Hacker News new | ask | show | jobs
by stillpointlab 311 days ago
I really hope we move on from these boil-the-ocean models. I want something more collaborative and even iterative.

I was having a conversation with a former bandmate. He was talking about a bunch of songs he is working on. He can play guitar, a bit of bass and can sing. That leaves drums. He wants a model where he can upload a demo and it either returns a stem for a drum track or just combines his demo with some drums.

Right now these models are more like slot machines than tools. If you have the money and the time/patience, perhaps you can do something with it. But I am looking forward to when we start getting collaborative, interactive and iterative models.

6 comments

Very well said. I'm in the same boat. I'd love AI to write down a drum groove or a drum fill based on my guitar riff.
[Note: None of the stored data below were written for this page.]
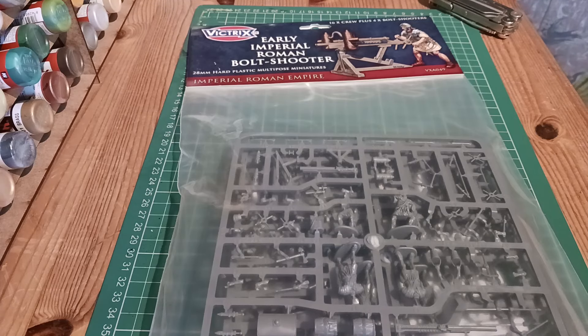Morning everyone, I trust you're all well today. I thought I'd try something different from the usual Napoleonics. I went out and bought myself some from the Victrix range — Early Imperial Roman Bolt Shooter. You get four bolt shooters with 16 crew, so that's four crew per shooter.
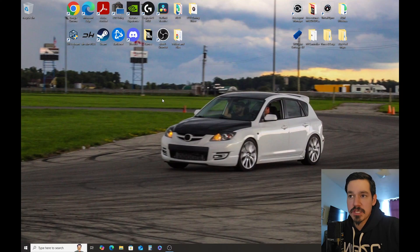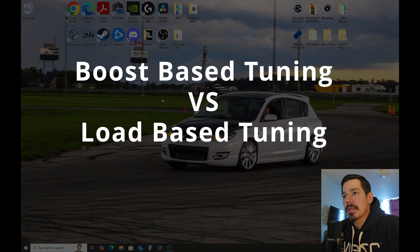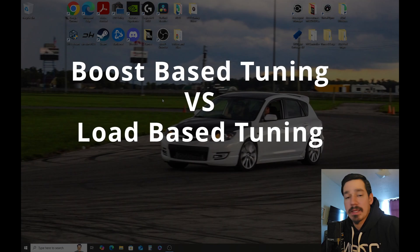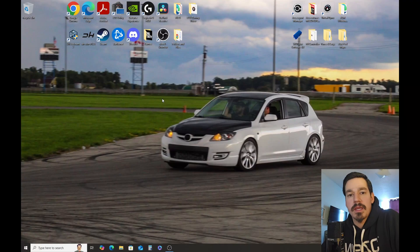Today's video is about boost-based tuning versus load-based tuning — the difference between the two, what works for different situations, and what I personally prefer. I like to use boost-based tuning. Boost-based tuning is basically where you're targeting a specific boost pressure value, and that's it. Load-based tuning is a little more complicated — you're targeting a specific load value rather than a boost pressure value.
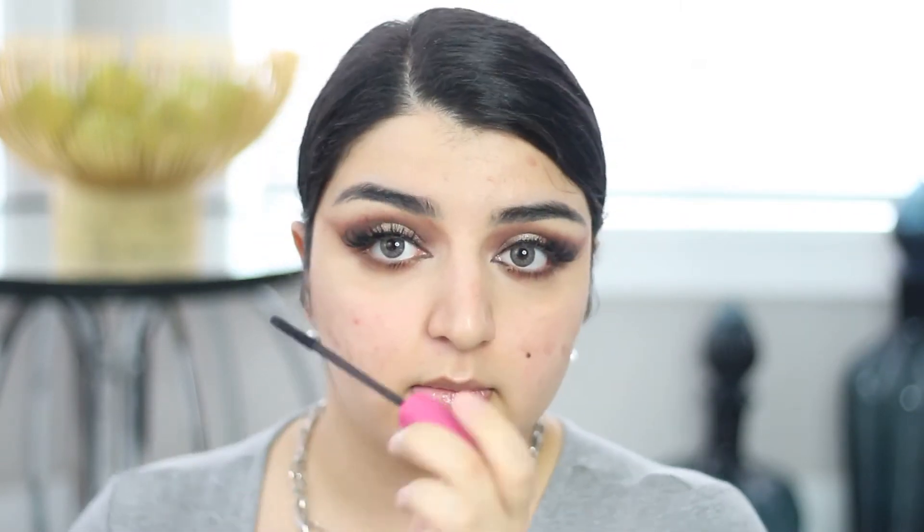Once I've applied my lashes — these are the Hooded Beauty lashes in Scarlet, by the way, beautiful pair — I'm moving on to mascara. I'm using the Benefit Bad Gal Bang mascara, this is the limited edition pink one and I love it. I'm going to do my lower lashes, and also my upper lashes to make sure they don't stick out under the lash I applied.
Currently, all these AI tools generate the whole song which I'm not at all interested in given songwriting is so much fun

RIP session musicians if that ever comes to pass, which is one of the main ways to make money if you are a good drummer.
Most VST drum sequencers have pretty powerful groove libraries nowadays. It's not a model or anything like that but just mix-matching and modifying the patterns some give extremely good results
do you have a point of view of this type of collaborative approach applied to other areas, for example, collective understanding for groups of people? We are working on something in that space.
The amount I have to say on this topic would be inappropriate for a Hacker News comment. But some brief and unstructured thoughts I can offer.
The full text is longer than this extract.